Louise Goldsmith said she was ‘devastated’ by calls for her to resign as leader of West Sussex County Council.
The calls came after a disastrous Ofsted report rated the county’s children’s services inadequate.
Despite harsh words and opposition from some of her own party, Tory Mrs Goldsmith survived the challenge to her leadership abilities at a meeting of the full council today (Friday June 7).
Fighting back tears after the meeting, she said that she did not know the ‘no confidence’ call would be tabled but admitted it was not ‘too surprising’.
She said: “It is what it is. You stand as leader and sometimes you’re in the sun and it’s lovely but sometimes it’s just horrible.”
Among the Tories who added their voices to the calls for her to resign were Andrew Lea, Heidi Brunsdon and Andrew Baldwin.
When asked about their views, Mrs Goldsmith was tight-lipped.

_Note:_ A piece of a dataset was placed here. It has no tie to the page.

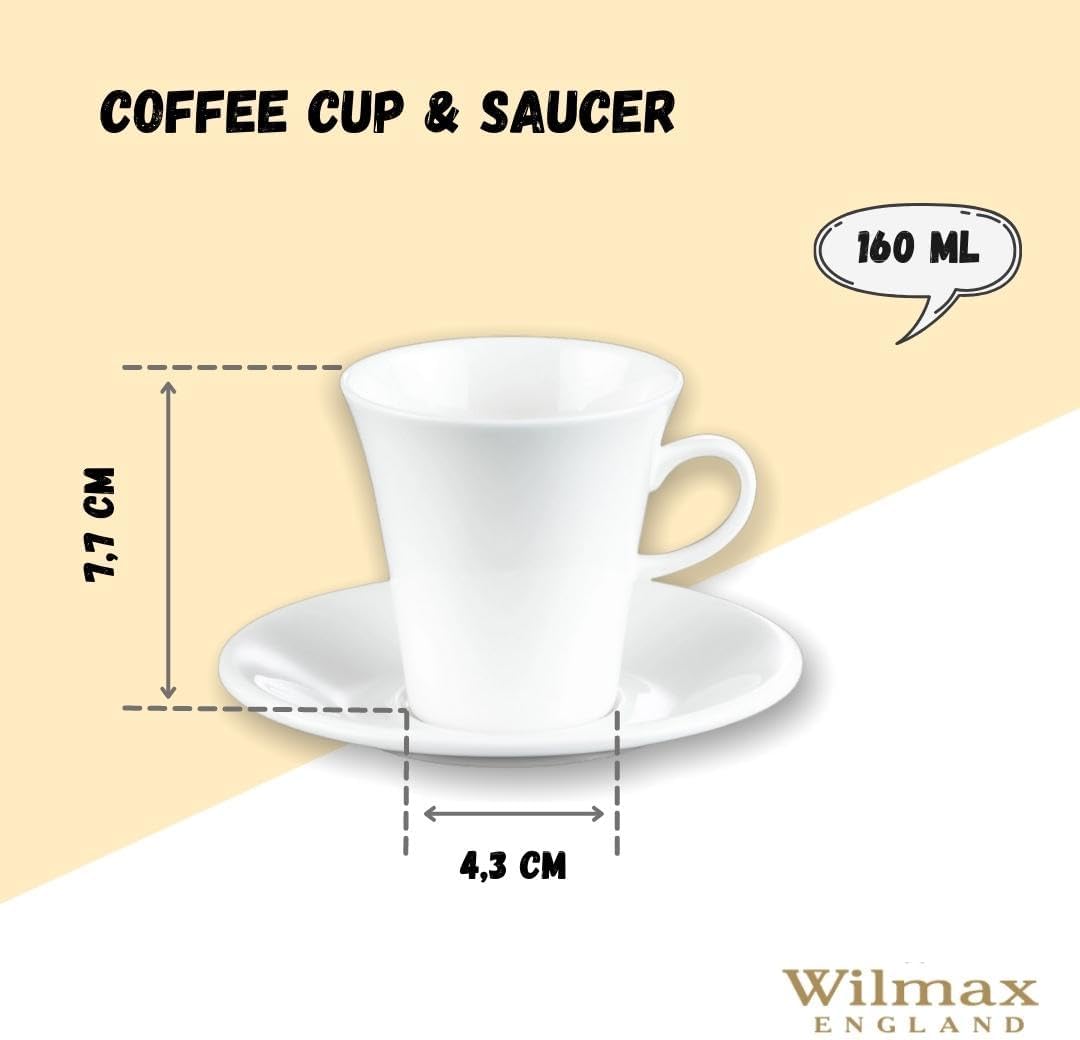 Wilmax WL-993005/2C Porzellan Kaffeetassen- und Untertassen-Set, Weiss, 160mL Kapazität, 2 Stück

She said: “There were a few who made some comments and I’m not going to comment about what happens internally within my party.
“In the end we have freedom to speak and if they chose to speak that’s their option.”
She was critical of the debate held during the meeting saying it was more about politics and not enough about the children in the council’s care.
There are 727 such children.
Mrs Goldsmith was also confident that she had the support of most of her party, describing some of the things said to her when the meeting broke for lunch as ‘heart-warming’.
She added: “I know that people really felt quite strongly about today and wanted to tell me how much they supported me and appreciated the work that I’ve done and how much they were behind me.”
The council must now work with a government commissioner to bring children’s services up to scratch – and if he or she is unimpressed with the efforts made, control of the services could be taken out of the council’s hands.
Mrs Goldsmith said work had already started apace and was accelerating.
She added: “It is going to be a very, very arduous, tough journey but I think we can do this, I really do.
“The best thing will be when we come out of it, and that’s what we’ve got to work towards.
“We’ve got to think about that child that’s coming into care today, the child that’s coming into care tomorrow, that they have the best experience that we can provide and not a lottery.
“That’s what I’m going to be focusing on.
“People can say what they want. Everybody has to get behind this and make the voice of the child and experience of the child their number one priority.
“Because it hasn’t happened, it just hasn’t happened, and that’s part of it. When you’re silent things happen and that’s exactly what’s happened.
“I can’t tell you how devastated I am about this, I’m equally determined to sort it out.”